Asteroids--near miss and capture plans--in this week's space and astronomy news


It's time to finish posting this week's space and astronomy news from Overnight News Digest: Science Saturday (West Antarctic ice sheet collapsing).  There is enough for one more theme after composing Weather from space, Kids and animals in NASA's Global Selfies, and NASA on West Antarctic ice sheet collapsing--asteroid near misses and what to do about them.

Mike Wall of Space.com has both stories, beginning with Near Miss: Tiny Asteroid Gives Earth a Close Shave (Photos).
A small asteroid buzzed Earth Saturday (May 10), coming well within the orbit of the moon.

The near-Earth asteroid 2014 JG55 missed our planet by just 60,000 miles (96,560 kilometers), or about one-quarter of the distance between Earth and the moon. The flyby marked the third-closest asteroid near miss of 2014, researchers said.

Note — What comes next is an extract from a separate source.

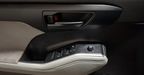 Toyota Highlander 2.5 HEV LE AUTO Suv 2023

The space rock was traveling about 22,000 mph (35,400 km/h) relative to Earth when it zipped past, they added.
That's an example of the problem.  Here's a possible solution: NASA's Asteroid-Capture Mission May Test New Method to Defend Earth.
NASA's bold plan to park an asteroid near the moon may also test out a new way to protect Earth from dangerous space rocks.

Last year, the agency announced that it intends to tow a near-Earth asteroid into a stable lunar orbit, where it could be visited repeatedly by astronauts for research and exploration purposes. NASA officials are still ironing out the details of the mission, which may bag up an entire small space rock or snag a boulder off the surface of a large asteroid.

If NASA decides to go with the boulder option, the asteroid-capture mission will also include a planetary-defense demonstration, providing the first in-space test of a so-called "enhanced gravity tractor," officials said.
Yes, bad news, good news.  Follow over the jump for the rest of the news.

It wouldn't be one of my weekly space news roundups without This Week @NASA: NASA Center Renamed on This Week @NASA

Two giants of aerospace history were honored at a May 13 ceremony to celebrate the renaming of Dryden Flight Research Center to Armstrong Flight Research Center, after the late Neil Armstrong and the naming of the center's aeronautical test range after Hugh Dryden. Armstrong was the first person to set foot on the moon and a former research test pilot at the center and Dryden served as NASA's first deputy administrator. Also, Space Station Crews on the Move, Asteroid Mission Gear Tested, Unstoppable Glacier Melt, Exploring Earth's Magnetic Fields, Shrinking Great Red Spot, Helicopter Drop Test, Technology Transfer University and more!

DarkSyde on Daily Kos had more general space news in This week in science: I see nothing!

Finally, Mike Wall of Space.com brings more good news in NASA's Exoplanet-Hunting Kepler Space Telescope Gets New Mission.
NASA's prolific Kepler spacecraft is back in action, a year after being sidelined by an equipment failure.

The space agency has approved a new mission called K2 for Kepler. The telescope's original exoplanet hunt was derailed in May 2013 when the second of the spacecraft's four orientation-maintaining reaction wheels failed, robbing it of its precision pointing ability.

"The approval provides two years of funding for the K2 mission to continue exoplanet discovery, and introduces new scientific observation opportunities to observe notable star clusters, young and old stars, active galaxies, and supernovae," Kepler Project Manager Charlie Sobeck, of NASA's Ames Research Center in Mountain View, California, wrote in an update today (May 16).
And that completes the past week's space and astronomy news.  Now it's time to gather this week's!